:: Dataset excerpt ::
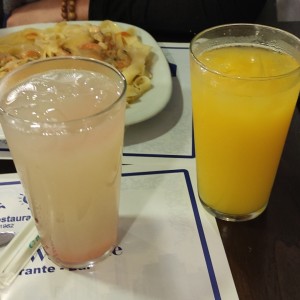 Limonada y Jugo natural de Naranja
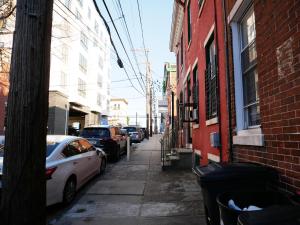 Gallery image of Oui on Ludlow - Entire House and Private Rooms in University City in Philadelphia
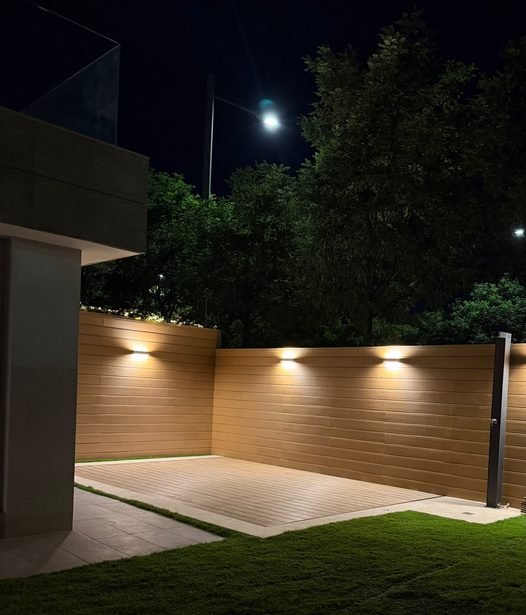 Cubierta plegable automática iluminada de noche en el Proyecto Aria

:: Your goal ::
When repeating the listing, keep each line exact and exclude the pictures.

:: Solution ::
 Limonada y Jugo natural de Naranja
 Gallery image of Oui on Ludlow - Entire House and Private Rooms in University City in Philadelphia
 Cubierta plegable automática iluminada de noche en el Proyecto Aria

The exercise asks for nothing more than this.